Ma tanto il baratto, che i gusci e le lava lava sono usati a guisa di moneta soltanto per il piccolo commercio. Quando si tratta di affari importanti è la ruota di pietra che viene in ballo. Lo straniero che la considerasse come cosa di poco valore si accorcerebbe subito del suo errore se gli venisse in mente di acquistarne una, A Palau il suo prezzo non è molto elevato. Mentre a Yap. per avere una ruota di Guam di un piede di diametro (15 cm circa) bisogna dare in cambio merci per un valore di 75 dollari, un esemplare mediocre che raggiunge la cintola di un uomo vale a Palau 4000 noci di cocco e cioè quasi 20 dollari. Una ruota dell'altezza di un uomo si paga con parecchi villaggi e piantagioni; se poi è alta il doppio, non ha più prezzo.

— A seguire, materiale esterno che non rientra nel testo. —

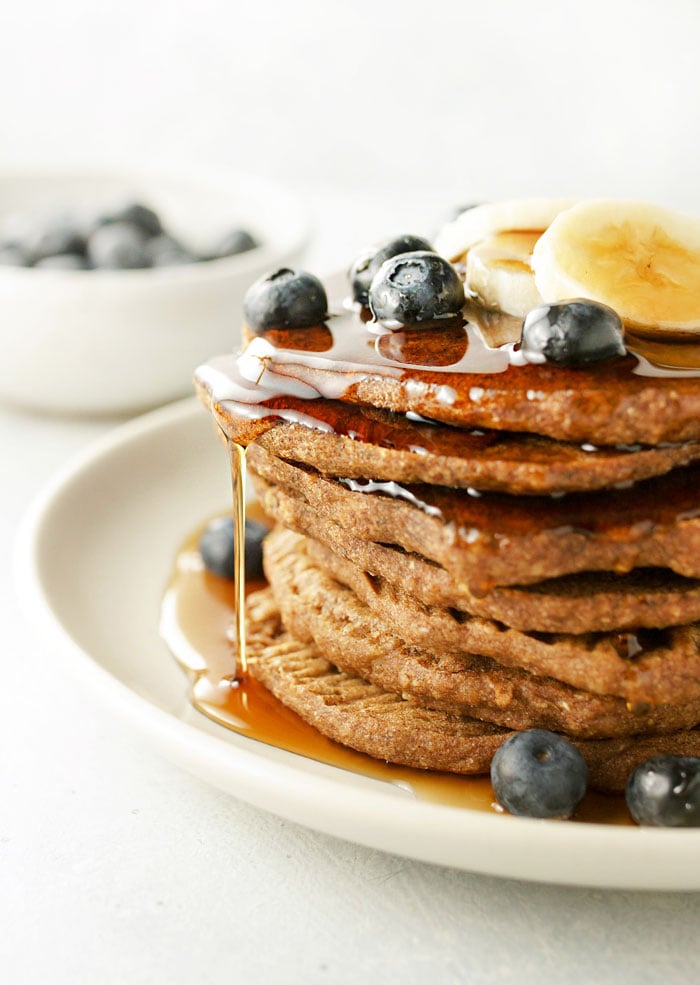 baked buckwheat pancakes stacked on a plate with blueberries, bananas, and syrup on top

Fig. 4 Gli indigeni della primitiva Yap usano ancora la moneta di pietra. Il diametro di queste moneta va da 6 cm a 4 metri all’incirca; quelle piccole sono tenute inc asa, ma le grandi si tengono esposte fuori per destare l’ammirazione dei passanti. Nonostante tutti gli sforzi fatti dai Giapponesi per indurre gli indigeni a vestirsi di stoffe di cotone fabbricate ad Osaha, questi fanno ancora sfoggio d’indumenti che gli uomini e le donne eleganti di Yap non vogliono più portare.

 


Fig. 5 Una tomba di Kanaka; sebbene di vecchio stile, ha la croce cristiana, ciò che testimonia l’influenza esercitata dalle missioni spagnole.

 


Fig. 6 La moneta di pietra è alle spalle di quest’uomo che ha poi dinnanzi a sé una balla di fibra di noce di cocco contenente alcune dozzine di “lava lava”, il bel prodotto fabbricato a Mokomok. Questa “lava lava” ha tanto valore che la balla che è tenuta in serbo nella Casa Comunale rappresenta parte del patrimonio del villaggio.

 

Naturalmente queste grandi ruote non sono di proprietà degli individui ma della Comunità e possono essere viste dinnanzi agli edifici che portano il nome indigeno di febai (casa del denaro o Banca). Le case private sono fiancheggiate da monete di pietra di minor dimensione, che vanno dai due ai cinque piedi (da 60 a 150 cm) di altezza. Questa esposizione della propria ricchezza è certo per noi cosa tanto strana quanto sarebbe invece per un residente di Yap il tenerla rinchiusa.

«Come si può sapere se avete denaro - vi direbbero - se lo nascondete ?»

Bisogna convenire, ad onor del vero, che avere in casa una moneta di simili dimensioni sarebbe piuttosto imbarazzante e lo spazio riservato alla famiglia diverrebbe assai limitato. Generalmente quelle che hanno un diametro di sei pollici o poco più (15 cm) non si lasciano fuori; non soltanto perché si potrebbero portar via agevolmente, ma anche perché la famiglia ha vergogna di metterla in mostra. Sarebbe lo stesso che mostrare a tutti la propria povertà, come se uno di noi non potesse tirar fuori dalla tasca che una manciata di soldini. Appunto perciò, vi è molta richiesta delle monete di grandi dimensioni e qualsiasi creditore, piuttosto che accettare in pagamento le piccole, preferisce far aumentare il conto finché non possa essere saldato con una bella "ruota" abbastanza grande per attirare l'attenzione di chi, passando davanti alla casa, la veda appoggiata contro il muro o sulla piattaforma di pietra che le serve di base.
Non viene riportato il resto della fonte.